MATERIAL FOR THIS TASK:
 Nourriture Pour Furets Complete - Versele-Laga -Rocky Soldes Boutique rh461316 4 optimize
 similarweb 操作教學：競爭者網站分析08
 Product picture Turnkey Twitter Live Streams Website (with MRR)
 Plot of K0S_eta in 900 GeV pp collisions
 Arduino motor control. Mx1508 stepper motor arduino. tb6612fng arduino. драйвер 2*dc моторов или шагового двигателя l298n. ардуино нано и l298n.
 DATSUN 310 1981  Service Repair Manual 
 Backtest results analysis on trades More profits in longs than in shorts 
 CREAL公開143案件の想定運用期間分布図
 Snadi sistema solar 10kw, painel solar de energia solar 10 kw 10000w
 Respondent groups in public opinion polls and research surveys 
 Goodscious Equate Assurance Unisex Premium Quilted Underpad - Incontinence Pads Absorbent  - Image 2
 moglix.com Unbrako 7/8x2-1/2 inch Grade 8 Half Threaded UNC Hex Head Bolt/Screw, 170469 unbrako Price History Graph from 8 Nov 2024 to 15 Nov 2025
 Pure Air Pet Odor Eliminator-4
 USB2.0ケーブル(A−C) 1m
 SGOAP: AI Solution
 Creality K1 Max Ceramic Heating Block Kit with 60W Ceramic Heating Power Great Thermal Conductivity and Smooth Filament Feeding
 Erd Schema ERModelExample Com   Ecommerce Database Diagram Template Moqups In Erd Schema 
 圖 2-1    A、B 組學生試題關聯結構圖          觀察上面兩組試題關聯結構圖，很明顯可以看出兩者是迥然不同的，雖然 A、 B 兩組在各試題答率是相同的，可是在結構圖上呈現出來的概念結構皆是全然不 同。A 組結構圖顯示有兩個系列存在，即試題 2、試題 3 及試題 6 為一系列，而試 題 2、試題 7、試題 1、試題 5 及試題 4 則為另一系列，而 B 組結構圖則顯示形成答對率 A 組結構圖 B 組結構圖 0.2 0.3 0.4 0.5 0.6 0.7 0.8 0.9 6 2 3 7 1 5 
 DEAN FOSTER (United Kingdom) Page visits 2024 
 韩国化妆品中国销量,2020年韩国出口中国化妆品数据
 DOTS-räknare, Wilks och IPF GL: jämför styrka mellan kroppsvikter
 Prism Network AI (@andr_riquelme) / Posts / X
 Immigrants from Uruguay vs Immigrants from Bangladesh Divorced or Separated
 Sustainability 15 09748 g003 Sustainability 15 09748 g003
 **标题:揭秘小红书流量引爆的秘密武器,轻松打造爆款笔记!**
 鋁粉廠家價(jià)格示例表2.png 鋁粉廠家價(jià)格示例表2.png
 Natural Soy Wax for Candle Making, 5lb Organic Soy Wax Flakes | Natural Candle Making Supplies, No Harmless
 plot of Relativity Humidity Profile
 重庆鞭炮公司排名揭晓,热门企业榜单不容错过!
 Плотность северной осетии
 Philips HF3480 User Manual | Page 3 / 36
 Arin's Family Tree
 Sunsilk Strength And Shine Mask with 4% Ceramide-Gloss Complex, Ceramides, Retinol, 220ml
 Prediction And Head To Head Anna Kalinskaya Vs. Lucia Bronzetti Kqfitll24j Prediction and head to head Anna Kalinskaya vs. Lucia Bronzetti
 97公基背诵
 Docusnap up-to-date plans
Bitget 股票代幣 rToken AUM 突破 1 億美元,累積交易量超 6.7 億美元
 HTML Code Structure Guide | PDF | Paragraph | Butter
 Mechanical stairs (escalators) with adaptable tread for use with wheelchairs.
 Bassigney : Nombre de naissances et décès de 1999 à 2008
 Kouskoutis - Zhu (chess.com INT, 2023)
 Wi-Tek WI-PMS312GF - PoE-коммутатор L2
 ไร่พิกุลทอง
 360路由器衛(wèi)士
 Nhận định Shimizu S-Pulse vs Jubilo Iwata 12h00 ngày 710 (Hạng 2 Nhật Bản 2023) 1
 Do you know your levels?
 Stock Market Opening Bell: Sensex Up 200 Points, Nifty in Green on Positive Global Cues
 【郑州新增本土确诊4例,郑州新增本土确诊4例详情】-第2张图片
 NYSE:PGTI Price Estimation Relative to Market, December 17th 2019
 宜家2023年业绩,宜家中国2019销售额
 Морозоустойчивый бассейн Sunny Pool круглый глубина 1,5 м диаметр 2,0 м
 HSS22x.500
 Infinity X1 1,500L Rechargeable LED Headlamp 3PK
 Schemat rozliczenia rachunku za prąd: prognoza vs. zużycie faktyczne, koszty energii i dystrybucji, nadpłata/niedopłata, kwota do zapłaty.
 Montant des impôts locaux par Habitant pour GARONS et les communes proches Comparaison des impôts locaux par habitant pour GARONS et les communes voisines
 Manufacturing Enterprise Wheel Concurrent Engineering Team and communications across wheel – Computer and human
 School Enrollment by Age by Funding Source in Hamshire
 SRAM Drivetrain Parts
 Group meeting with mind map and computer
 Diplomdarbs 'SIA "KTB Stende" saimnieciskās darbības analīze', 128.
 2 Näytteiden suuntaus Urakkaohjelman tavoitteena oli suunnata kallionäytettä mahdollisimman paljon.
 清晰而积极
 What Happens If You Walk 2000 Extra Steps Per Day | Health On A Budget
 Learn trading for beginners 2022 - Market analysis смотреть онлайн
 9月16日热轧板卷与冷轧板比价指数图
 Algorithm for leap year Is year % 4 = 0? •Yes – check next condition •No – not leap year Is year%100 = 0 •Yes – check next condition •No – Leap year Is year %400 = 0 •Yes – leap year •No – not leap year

WHAT IS BEING ASKED: Output the records above exactly as written.

EXERCISE SOLUTION:
 Nourriture Pour Furets Complete - Versele-Laga -Rocky Soldes Boutique rh461316 4 optimize
 similarweb 操作教學：競爭者網站分析08
 Product picture Turnkey Twitter Live Streams Website (with MRR)
 Plot of K0S_eta in 900 GeV pp collisions
 Arduino motor control. Mx1508 stepper motor arduino. tb6612fng arduino. драйвер 2*dc моторов или шагового двигателя l298n. ардуино нано и l298n.
 DATSUN 310 1981  Service Repair Manual 
 Backtest results analysis on trades More profits in longs than in shorts 
 CREAL公開143案件の想定運用期間分布図
 Snadi sistema solar 10kw, painel solar de energia solar 10 kw 10000w
 Respondent groups in public opinion polls and research surveys 
 Goodscious Equate Assurance Unisex Premium Quilted Underpad - Incontinence Pads Absorbent  - Image 2
 moglix.com Unbrako 7/8x2-1/2 inch Grade 8 Half Threaded UNC Hex Head Bolt/Screw, 170469 unbrako Price History Graph from 8 Nov 2024 to 15 Nov 2025
 Pure Air Pet Odor Eliminator-4
 USB2.0ケーブル(A−C) 1m
 SGOAP: AI Solution
 Creality K1 Max Ceramic Heating Block Kit with 60W Ceramic Heating Power Great Thermal Conductivity and Smooth Filament Feeding
 Erd Schema ERModelExample Com   Ecommerce Database Diagram Template Moqups In Erd Schema 
 圖 2-1    A、B 組學生試題關聯結構圖          觀察上面兩組試題關聯結構圖，很明顯可以看出兩者是迥然不同的，雖然 A、 B 兩組在各試題答率是相同的，可是在結構圖上呈現出來的概念結構皆是全然不 同。A 組結構圖顯示有兩個系列存在，即試題 2、試題 3 及試題 6 為一系列，而試 題 2、試題 7、試題 1、試題 5 及試題 4 則為另一系列，而 B 組結構圖則顯示形成答對率 A 組結構圖 B 組結構圖 0.2 0.3 0.4 0.5 0.6 0.7 0.8 0.9 6 2 3 7 1 5 
 DEAN FOSTER (United Kingdom) Page visits 2024 
 韩国化妆品中国销量,2020年韩国出口中国化妆品数据
 DOTS-räknare, Wilks och IPF GL: jämför styrka mellan kroppsvikter
 Prism Network AI (@andr_riquelme) / Posts / X
 Immigrants from Uruguay vs Immigrants from Bangladesh Divorced or Separated
 Sustainability 15 09748 g003 Sustainability 15 09748 g003
 **标题:揭秘小红书流量引爆的秘密武器,轻松打造爆款笔记!**
 鋁粉廠家價(jià)格示例表2.png 鋁粉廠家價(jià)格示例表2.png
 Natural Soy Wax for Candle Making, 5lb Organic Soy Wax Flakes | Natural Candle Making Supplies, No Harmless
 plot of Relativity Humidity Profile
 重庆鞭炮公司排名揭晓,热门企业榜单不容错过!
 Плотность северной осетии
 Philips HF3480 User Manual | Page 3 / 36
 Arin's Family Tree
 Sunsilk Strength And Shine Mask with 4% Ceramide-Gloss Complex, Ceramides, Retinol, 220ml
 Prediction And Head To Head Anna Kalinskaya Vs. Lucia Bronzetti Kqfitll24j Prediction and head to head Anna Kalinskaya vs. Lucia Bronzetti
 97公基背诵
 Docusnap up-to-date plans
Bitget 股票代幣 rToken AUM 突破 1 億美元,累積交易量超 6.7 億美元
 HTML Code Structure Guide | PDF | Paragraph | Butter
 Mechanical stairs (escalators) with adaptable tread for use with wheelchairs.
 Bassigney : Nombre de naissances et décès de 1999 à 2008
 Kouskoutis - Zhu (chess.com INT, 2023)
 Wi-Tek WI-PMS312GF - PoE-коммутатор L2
 ไร่พิกุลทอง
 360路由器衛(wèi)士
 Nhận định Shimizu S-Pulse vs Jubilo Iwata 12h00 ngày 710 (Hạng 2 Nhật Bản 2023) 1
 Do you know your levels?
 Stock Market Opening Bell: Sensex Up 200 Points, Nifty in Green on Positive Global Cues
 【郑州新增本土确诊4例,郑州新增本土确诊4例详情】-第2张图片
 NYSE:PGTI Price Estimation Relative to Market, December 17th 2019
 宜家2023年业绩,宜家中国2019销售额
 Морозоустойчивый бассейн Sunny Pool круглый глубина 1,5 м диаметр 2,0 м
 HSS22x.500
 Infinity X1 1,500L Rechargeable LED Headlamp 3PK
 Schemat rozliczenia rachunku za prąd: prognoza vs. zużycie faktyczne, koszty energii i dystrybucji, nadpłata/niedopłata, kwota do zapłaty.
 Montant des impôts locaux par Habitant pour GARONS et les communes proches Comparaison des impôts locaux par habitant pour GARONS et les communes voisines
 Manufacturing Enterprise Wheel Concurrent Engineering Team and communications across wheel – Computer and human
 School Enrollment by Age by Funding Source in Hamshire
 SRAM Drivetrain Parts
 Group meeting with mind map and computer
 Diplomdarbs 'SIA "KTB Stende" saimnieciskās darbības analīze', 128.
 2 Näytteiden suuntaus Urakkaohjelman tavoitteena oli suunnata kallionäytettä mahdollisimman paljon.
 清晰而积极
 What Happens If You Walk 2000 Extra Steps Per Day | Health On A Budget
 Learn trading for beginners 2022 - Market analysis смотреть онлайн
 9月16日热轧板卷与冷轧板比价指数图
 Algorithm for leap year Is year % 4 = 0? •Yes – check next condition •No – not leap year Is year%100 = 0 •Yes – check next condition •No – Leap year Is year %400 = 0 •Yes – leap year •No – not leap year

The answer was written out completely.